Place-Based Education:

  • Grows from the specific natural and human-created environment students live in.
  • Cuts across all academic subjects and invites interdisciplinary work.
  • Engages students in the community and the community in the education of the students.
  • Promotes academic and intellectual rigor and active, responsible citizenship.

Richard Louv, author of Last Child in the Woods (2005), refers to this approach and connection to nature and community as creating “happier, healthier and smarter” children. This is our primary goal at Juniper Hill School. 

Watch our video below to learn more.

 

A Brief History of Juniper Hill

by Anne Stires, Founder/Director, Juniper Hill School

Juniper Hill is a place that holds deep meaning for me. This property where the school now resides originally belonged to my grandmother, Jane Keyes, whom we all called Mima. My father, Kinne, spent much of his childhood here with his two sisters, and I was raised hearing stories of my father's adventures in the 42 acres of fields, woods and marshes. He explored the surrounding wilderness even in the middle of the night under a full moon, slept under heavy blankets in his unheated bedroom of the old farmhouse even through the winter, and loved canoeing along the Sheepscot River.  As I was growing up, we celebrated nearly every holiday at Juniper Hill in Mima's warm and adoring presence. My cousins, my sister and I made forts in the woods and became adept at climbing high in the apple trees--a skill our Juniper Hill students all learn to master, as well. 

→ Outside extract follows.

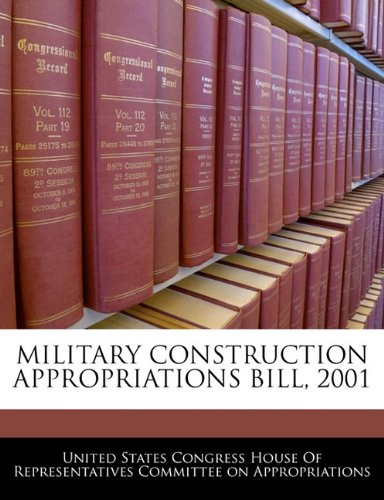 Military Construction Appropriations Bill, 2001 Politics & History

As an adult, I have celebrated many milestones here: my wedding, my son's birthdays and the establishment of this very special school. Like my father, I too have spent many days canoeing the Sheepscot River. Once, during my tenure teaching at a local environmental education organization, I even had the honor of releasing a rehabilitated Barred Owl into the woods with Mima by side.

Mima lovingly kept the 1762 farmhouse, outbuildings and gardens for 45 years until it was acquired by my family when Mima passed in 2003.

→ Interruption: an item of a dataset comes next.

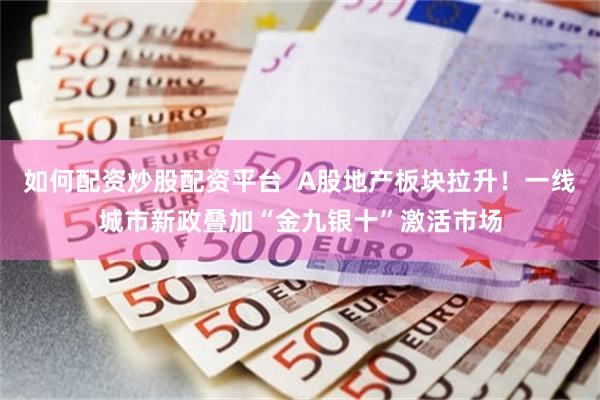 如何配资炒股配资平台  A股地产板块拉升！一线城市新政叠加“金九银十”激活市场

I founded Juniper Hill School for Place-Based Education as a place of refuge, connection, and community. The children who attend this school readily identify the landscape with exploration, adventure and growth, as well as a magical world unto itself.  A four-year-old leaving Juniper Hill School after one of the first weeks of the Nature Immersion program, sighed a long sigh from the back seat of the car, and whispered to herself, “And now, we leave this world…and go back to the other one.”  

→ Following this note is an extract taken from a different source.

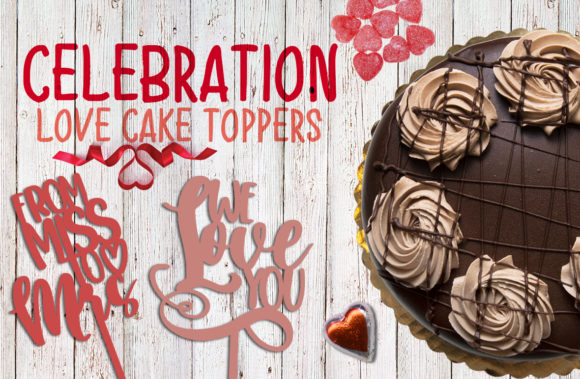 Celebration Love Cake Toppers: A Graphics Set for Crafts and Events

Antique Map of Alna, Maine 

Juniper Hill School is located at 180 Golden Ridge Road in Alna

OUR MISSION

Juniper Hill School for Place-Based Education connects children to themselves, to each other, and to their communities through studying both the natural and human environments. We utilize an integrated academic and social curriculum that immerses children in their educational context in a deeply experiential way. We strive to develop curious, creative, kind children who are becoming masters of their own learning and who actively engage to improve the world that surrounds them.

Reading in the yurts

Learning the alphabet in an outdoor classroom

Juniper Hill School Values

In order to know each child, there must exist a close relationship between families and Juniper Hill School. The curriculum is enriched by the expertise and varied experiences of students’ family members.

The concept of community is integral to Place-Based Education. Community starts with home and school and expands in ever widening circles as students become aware of their roles in their towns, their state, their country, and the world.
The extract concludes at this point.